> Task item: Keep the pictures out. Copy every line of the listing exactly.

> Data excerpt:
BEGIN
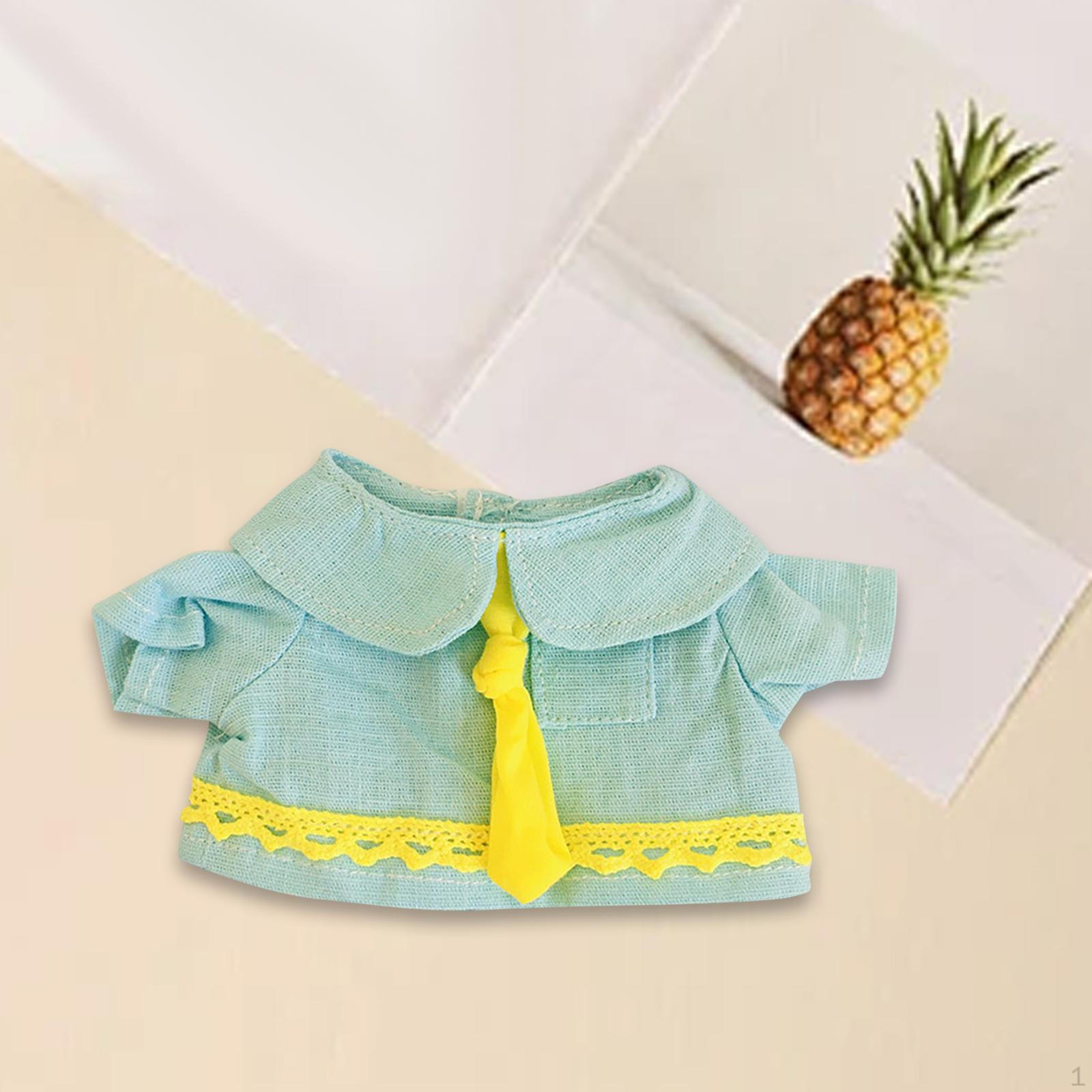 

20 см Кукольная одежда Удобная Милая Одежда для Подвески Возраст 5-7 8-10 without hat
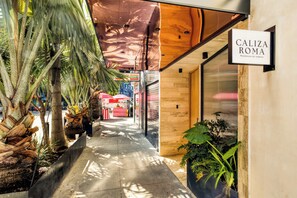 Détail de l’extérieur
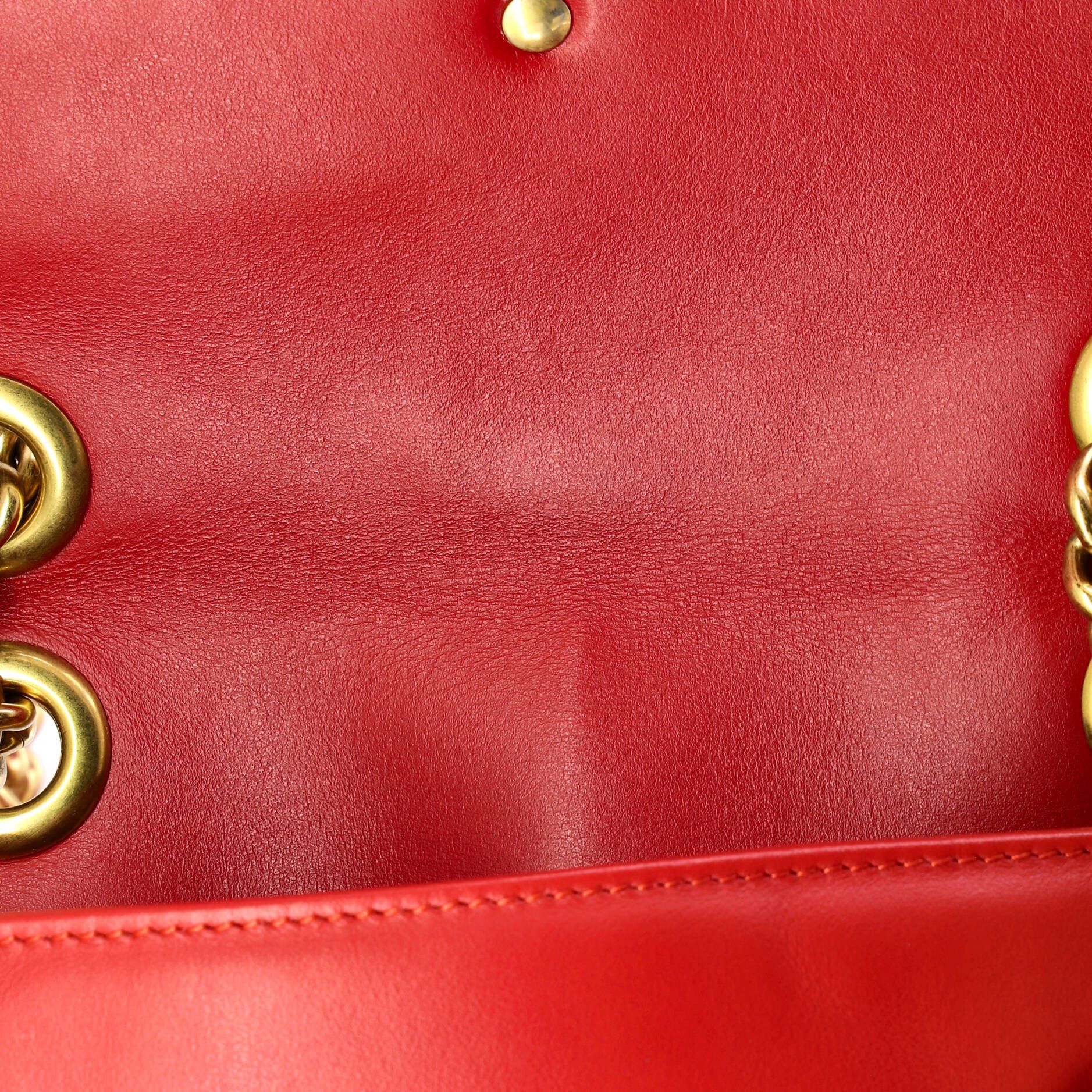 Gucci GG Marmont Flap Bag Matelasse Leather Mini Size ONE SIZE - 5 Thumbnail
END
> Response:
20 см Кукольная одежда Удобная Милая Одежда для Подвески Возраст 5-7 8-10 without hat
 Détail de l’extérieur
 Gucci GG Marmont Flap Bag Matelasse Leather Mini Size ONE SIZE - 5 Thumbnail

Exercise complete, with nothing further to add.